Last October, I reported here on the launch of an innovative project, Learned Hands, that uses a game to train a machine-learning algorithm to better identify the legal issues in the words that ordinary people use to describe their problems. The goal was to use artificial intelligence to help legal services providers better match a consumer to the appropriate attorney or legal resource.

Now, The Pew Charitable Trusts has awarded a grant to one of the sponsors of that project, Suffolk Law School’s Legal Innovation and Technology Lab, to move the project from proof of concept to production.

The grant runs through December 2020 and will be used to create issue spotters, in the forms of both an application programming interface (API) and a Python programming library, that will be free to use for public-interest groups, the LIT Lab’s director, David Colarusso, told me. It is also expected that the Legal Services Corporation will use the issue spotters in its project to develop state legal portals.

David Colarusso

The idea behind Learned Hands was to create a game to incentivize players to crowdsource the task of spotting legal issues in real people’s stories about their legal problems. Players earn points and rankings based on how many questions they mark and the extent to which their marks are deemed correct.

The goal is to train a machine-learning algorithm to spot legal issues issues. That required both people-power to do the tagging and a collection of actual questions against which to train. For that, the project obtain a collection of some 75,000 questions posted in the Reddit forum r/legaladvice.

That project went well, Colarusso said, drawing participation by nearly 600 people who created 54,000 labels resulting in the finalization of about 2,000 of the questions. The labeling is being used to create a taxonomy of legal issues that better matches the words and phrases that regular people use, based on the National Subject Matter Index developed by the Legal Services National Technology Assistance Project.

Building An Infrastructure

Through this new grant, LIT Lab students will build out the engineering infrastructure to deliver the API and documentation, with the goal of having it available for use by the end of 2020. The API will be free to use for non-profits and legal services organizations.

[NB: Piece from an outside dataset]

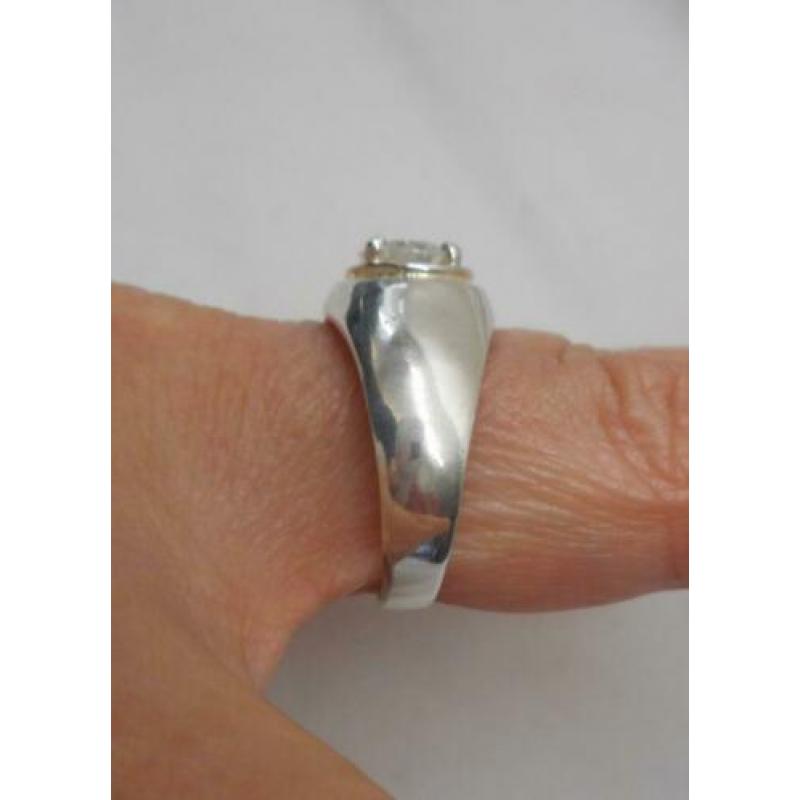 Zilveren unisex ring met heldere steen maat 19 nr.637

How could legal services organizations use this issue spotter? Colarusso outlined four potential use cases:

  • In portals and court service centers, where a consumer could come to the site, ask a question in plain English, and be directed to the appropriate resource.
  • For ask-a-lawyer or limited-scope representation projects, to ensure that consumer inquiries and messages get routed to the right lawyer.
  • As what Colarusso calls a “cognitive exoskeleton” to help in situations where a consumer is connected to a live person or paraprofessional. The issue spotter can help triage the issues so the person taking the call does not start from scratch.
  • To look at incoming inquiries in the aggregate, so that an organization can better understand on a broad level the types of queries that are coming in and where to allocate its resources.

Other Project Goals

In addition to building the API, Colarusso has other goals for the project. One is to continue to train the algorithm against new data. While the Reddit corpus has proved useful, Colarusso said, the source suggests that it is likely skewed towards a demographic that is younger, male, and better off than the general population. So more representative data is needed.

In addition, the algorithm needs to adapt to semantic shifts over time, changes in the language people use to talk about their problems.

“At the end of the day, you can have a fancy algorithm, but the thing that is the real killer is the data,” Colarusso said. “So the more data we have, the better.”

One way to address this need for further and continual training would be through some sort of feedback loop incorporated within the API, so that the system could learn from people’s actual behavior in using it. But a feedback loop could be problematic as some organizations or consumers may not want their data feeding back to the LIT Lab, Colarusso said. There may also be legal restraints, such as under California’s new privacy law.

Recognizing this, another of Colarusso’s goals is to develop a set of standards and best practices around the responsible use of the algorithm and API. Such standards might address issues such as consumer opt-in or disclosures around the use of the API. Colarusso said that if people have ideas about formulating these standards, he welcomes their input.

One final goal for the project is to come up with a plan to make it sustainable beyond the period of the grant. Perhaps students in the LIT Lab will be able to shoulder some of the ongoing work, Colarusso said, but he also does not rule out the possibility of licensing the API to for-profit entities or seeking other forms of outside support.

The one point on which he is certain is that access to the technology will always be free for non-profits. “We don’t want non-profits ever to have to pay for it,” he said.

As for the original Learned Hands project, although the Pew grant that funded it has now run out, the site will continue to operate under the auspices of both the LIT Lab and the project’s other partner, Stanford Law School’s Legal Design Lab.